It is important that we reflected on the issues. We rejected the proposal as there is a solid mechanism already in place whereby people can ask to de-proscribe and call for a review. That is why the House of Lords rejected it, and we are not going to seek to replace it here.
Lords amendment 1 agreed to.
Lords amendments 2 to 11, 13 and 16 agreed to.
After Clause 16
Persons detained under port and border control powers
With this it will be convenient to consider Lords amendments 14, 15 and 17 to 42.
This group of amendments relates to the new port and border powers in schedule 3 to the Bill to tackle hostile state activity, as well as to the existing counter-terrorism ports powers in schedule 7 to the Terrorism Act 2000. I will focus my remarks on the substantive amendments.
During the passage of the Bill through this House, the hon. Member for Torfaen (Nick Thomas-Symonds) has pressed the Government on whether there is an alternative to the power exercisable in exceptional circumstances for a police officer to be in the sight and hearing of a consultation between an individual detained under schedule 3 and their solicitor. While the Government were clear that safeguards were needed to prevent the right to consult a solicitor from being abused, thereby potentially putting lives at risk, the hon. Gentleman argued that such a provision would undermine the principle of confidentiality of consultations between lawyer and client.
On Report in September, I undertook to consider the issue further. Where there are concerns about a detainee’s chosen solicitor, Lords amendments 35 to 37, 39 and 40 would allow a senior police officer to direct that the individual consult a different solicitor. In practice, that is likely to be the duty solicitor. This provision is modelled on the Police and Criminal Evidence Act 1984—PACE—code H and reflects the suggestion made by the Law Society in its evidence to the Public Bill Committee in June last year. The change will apply to persons detained under both schedule 3 to the Bill and schedule 7 to the 2000 Act. I hope that the hon. Gentleman will agree that this change adequately addresses the concerns that he raised.
Lords amendment 25 provides for a procedure to enable the urgent examination of a detainee’s property, including confidential journalistic or legally privileged material, in cases where there is an imminent threat to life or significant injury, or where there is an imminent threat of a hostile act being carried out. In such cases, the police must be able to act with immediate effect and, consequently, the usual process whereby any such examination must be approved in advance by the Investigatory Powers Commissioner cannot apply.
These Lords amendments to schedule 3 would instead allow an examining officer, with the approval of a senior officer, to examine a detainee’s property before a decision has been made by the commissioner. Under this exceptional procedure, authorisation would be required to be given or withheld by the commissioner or a judicial commissioner after the event. Where the commissioner withholds authorisation, he would have the power to direct that the property be returned and that information taken from it, including copies, is not used and destroyed.

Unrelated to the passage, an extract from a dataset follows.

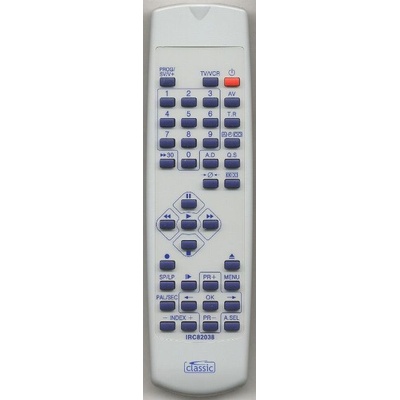 GENERAL Daewoo irc82038, dvk224p, dvk229p, dvk240p - дистанционно управление дубликат (irc82038, dvk224p, dvk229p, dvk240p)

As with the existing process provided for in the Bill, the commissioner’s decision will be taken after consideration of any representations made by affected parties, and there will also be an opportunity to appeal that decision where it has been delegated to a judicial commissioner. That approach is consistent with the Court of Appeal’s judgment in the case of Miranda, where the Court recognised that there might be a need for
“post factum oversight in urgent cases”.
Further details of the process for examining retained property, including where it contains confidential material, will be set out in the schedule 3 code of practice, which must be debated and approved by both Houses before the provisions in schedule 3 can come into force. These Lords amendments improve the provisions in the Bill, and I commend them to the House.
At present, the schedule 7 code of practice requires that an individual examined under schedule 7 is informed of their rights on first being detained. There is analogous provision in the draft schedule 3 code of practice. The Joint Committee on Human Rights suggested that this protection for detainees is sufficiently important that it should be provided for on the face of the Bill and not left to a code of practice. The Government were content to accept the Joint Committee’s recommendation, and Lords amendments 33, 34 and 38 provide for that.
Lords amendments 41 and 42 respond to a recommendation from the Delegated Powers and Regulatory Reform Committee. The Committee argued that the regulation-making power in paragraph 53 of schedule 3 is too widely drawn. Under that power, the Home Secretary must specify additional categories of persons with whom information acquired by an examining officer may be shared. The Delegated Powers and Regulatory Reform Committee pointed out that this regulation-making power places no limitation on the categories of persons who could be specified for those purposes, including an organisation in the private sector. Lords amendment 41 narrows the schedule 3 regulation-making power so that it can be used only to specify persons carrying out public functions, and Lords amendment 42 makes a similar change to the Terrorism Act 2000. I commend these amendments to the House.
I again welcome the approach that the Security Minister has taken in reaching consensus on these matters.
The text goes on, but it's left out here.